## Work instructions
Your answer must be the full listing below, repeated exactly, with no pictures in it.

*** Data shown

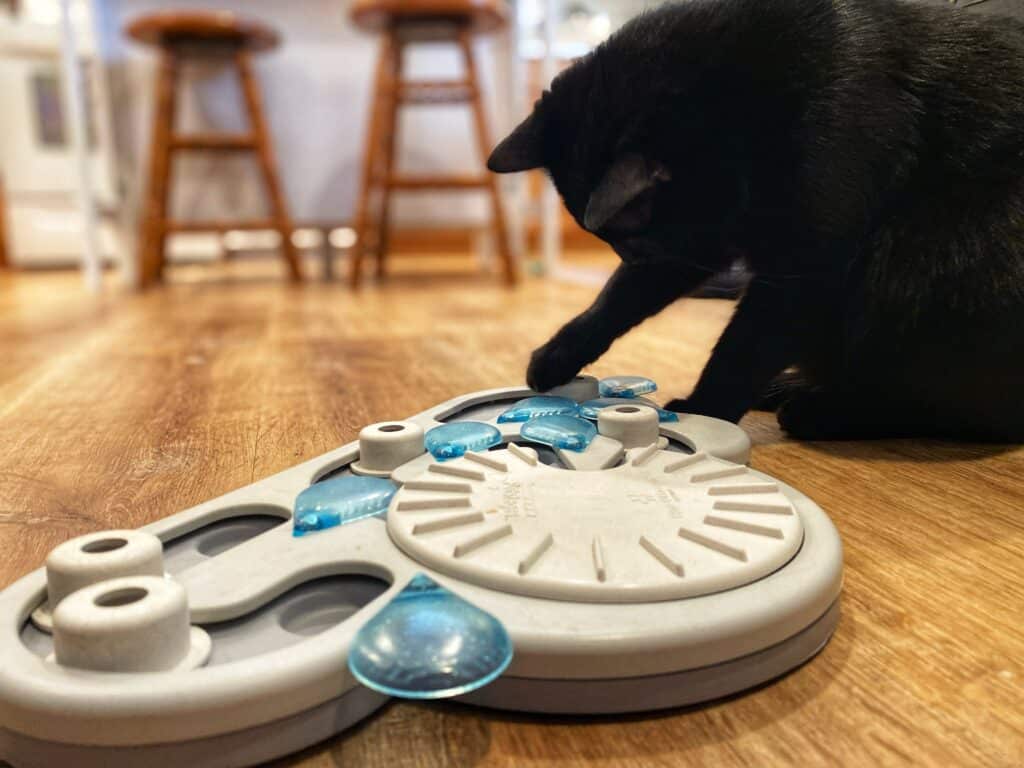 Cat using puzzle Petstages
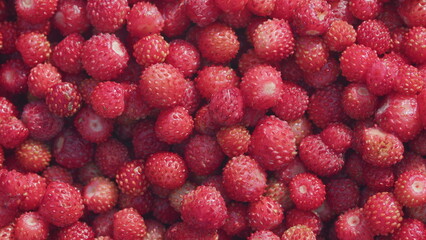 Ripe wild red strawberries. Harvested fresh berry. Close up.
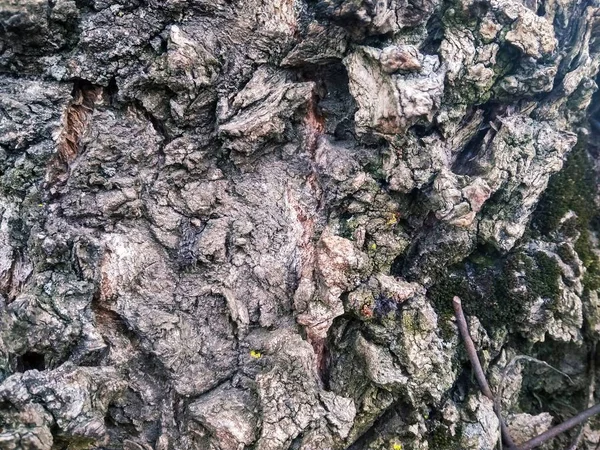 Texture tronc vieil arbre gris gros plan — Photo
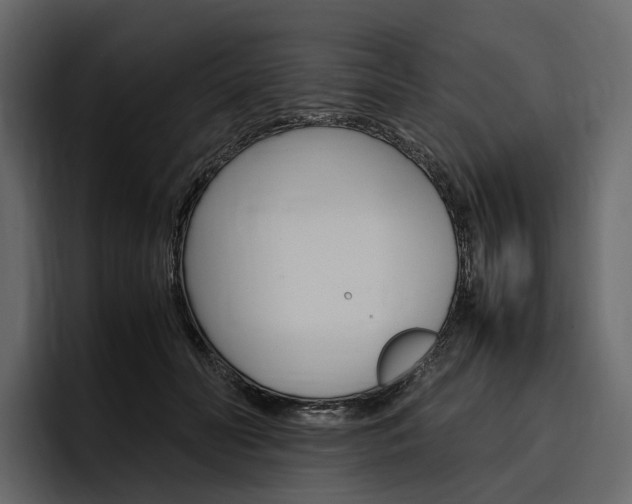X0000097480606200802220822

******

## Output for this exercise
 Cat using puzzle Petstages
 Ripe wild red strawberries. Harvested fresh berry. Close up.
 Texture tronc vieil arbre gris gros plan — Photo
X0000097480606200802220822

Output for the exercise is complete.